** Opening EXTRACTED DATA block **

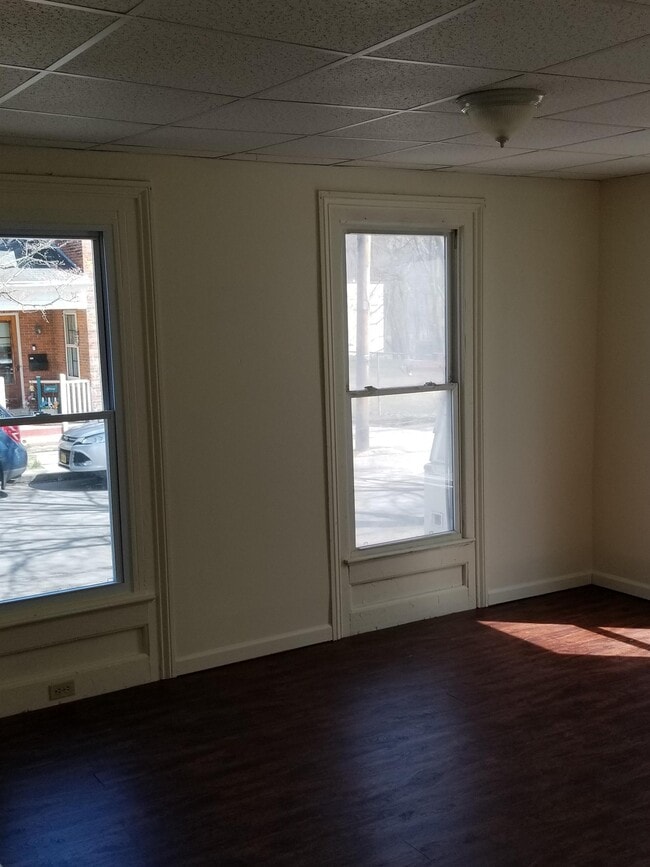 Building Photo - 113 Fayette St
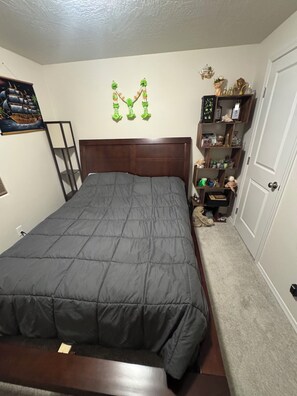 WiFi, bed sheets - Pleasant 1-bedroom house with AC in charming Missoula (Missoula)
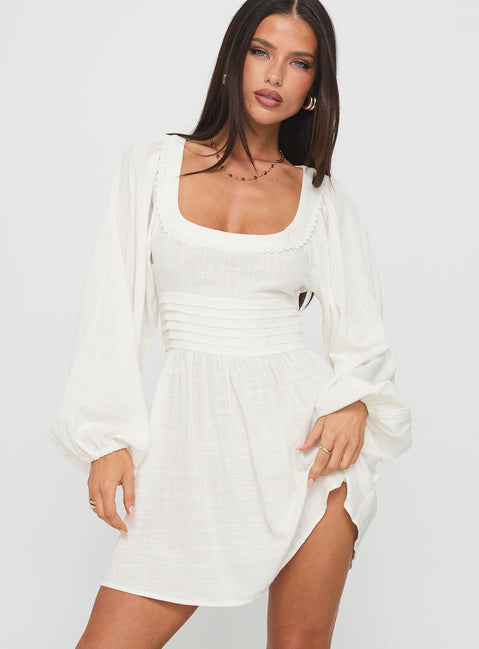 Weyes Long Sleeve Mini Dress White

** Closing EXTRACTED DATA block **
** Opening EXTRACTED DATA block **

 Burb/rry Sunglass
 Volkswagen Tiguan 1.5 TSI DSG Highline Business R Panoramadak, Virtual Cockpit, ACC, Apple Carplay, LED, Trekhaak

** Closing EXTRACTED DATA block **
** Opening EXTRACTED DATA block **

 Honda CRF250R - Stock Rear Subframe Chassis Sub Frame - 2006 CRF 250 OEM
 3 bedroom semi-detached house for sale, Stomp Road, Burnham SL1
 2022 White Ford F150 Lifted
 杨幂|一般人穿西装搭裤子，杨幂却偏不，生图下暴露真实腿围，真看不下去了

** Closing EXTRACTED DATA block **

Print everything from the line with "WiFi, bed sheets" down to the line with "Weyes Long Sleeve Mini Dress White" in the entries above, both lines included and nothing more, without the pictures.

RESPONSE FOR THIS EXERCISE:
 WiFi, bed sheets - Pleasant 1-bedroom house with AC in charming Missoula (Missoula)
 Weyes Long Sleeve Mini Dress White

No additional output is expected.